Bush’s insistence on Americans’ inability to build a concrete-and-metal wall comes 408 years after early Americans settlers built a wall around the town of Jamestown, or roughly 500 years after Chinese people hand-built the 5,500-mile Great Wall to exclude undocumented Mongols, or roughly 8,000 years after laborers build the first walls of Jericho.
Bush’s “We Can’t Do It,” mantra contrasts with Trump’s “Make American Great Again” slogan. So far, the public seems to prefer Trump’s confident vision to Bush’s passive, pessimistic vision. A new poll of Iowa voters shows that 23 percent of voters support Trump, and six percent support Bush.
However, immediately after Bush declared a wall can’t be built, he also contradicted himself by saying construction of a wall would cost “billions.”
“If it was [built], it would cost hundreds of billions of dollars,” he insisted.
Bush’s calculations predict that each mile of border fence would cost at least $100 million to construct.
It appears Bush may have exaggerated the cost of the wall that can’t be built.

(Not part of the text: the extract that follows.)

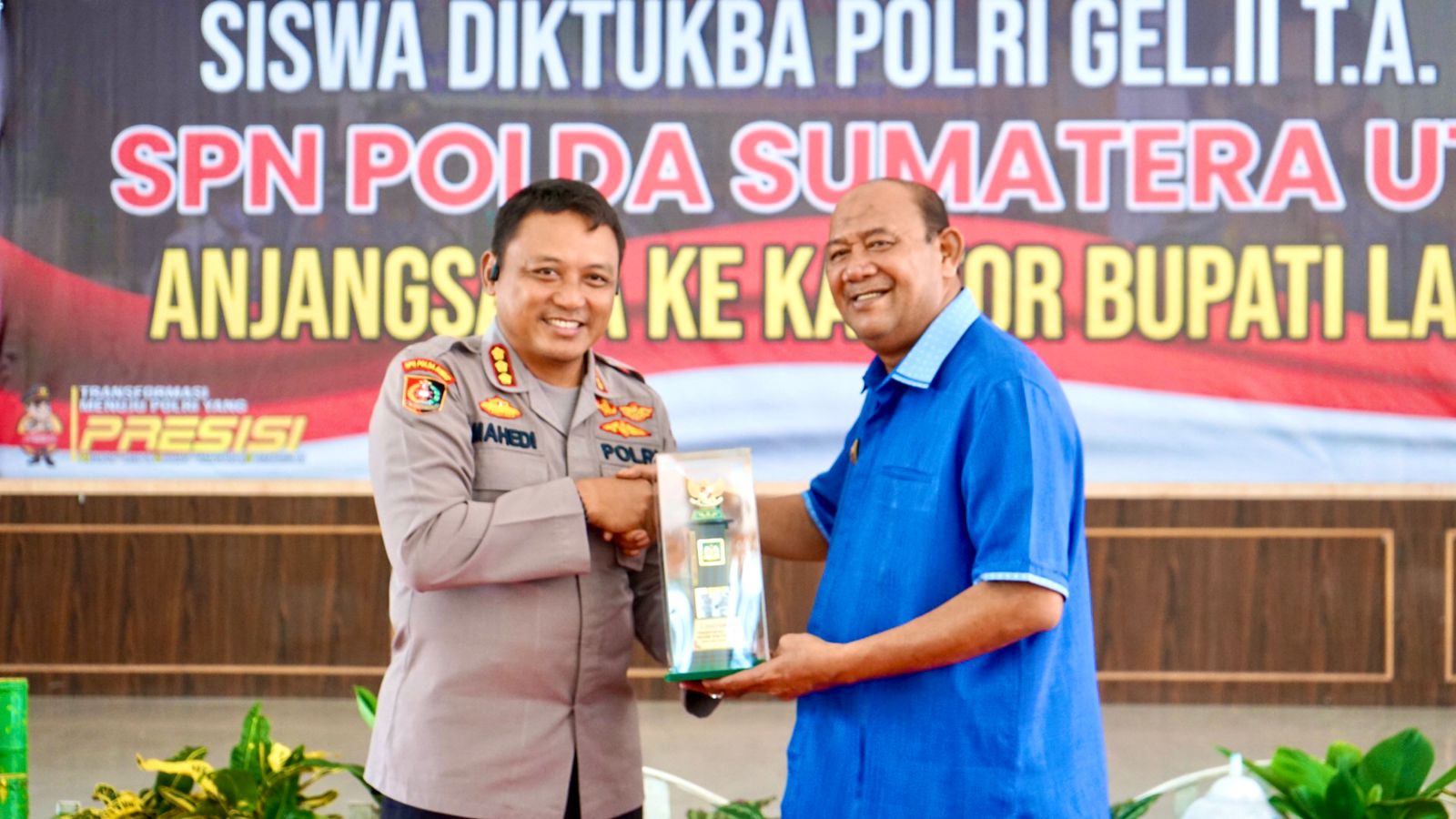 125 Siswa SPN Hinai Polda Sumut Kohesi Sosial di Pemkab Langkat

Experience shows that walls are much simpler to build than spaceships and rockets, nuclear weapons, or a huge military. In fact, the Government Accountability Office concluded in 2009 that the most ambitious border wall under consideration would cost $5.1 million per mile.
Trump is a construction professional, and he predicts a lower cost than “hundreds of billions.”
“We’re building a wall,” Trump told CBS in August. “And it’s going to be a great wall. And, by the way, Mexico will pay for it. It’s going to a great wall, because I know how to build,” he said. “And it’s not going to cost nearly as much as what they’re saying for a crummy wall.”
In other interviews, Trump has pointed out that the United States spends roughly $100 billion a year aiding — and occasionally, repatriating — its resident population of 11 million illegal immigrants. The Trump border wall would reduce the inflow of expensive illegal labor, cut federal spending, and also give American families a better chance of earning higher wages.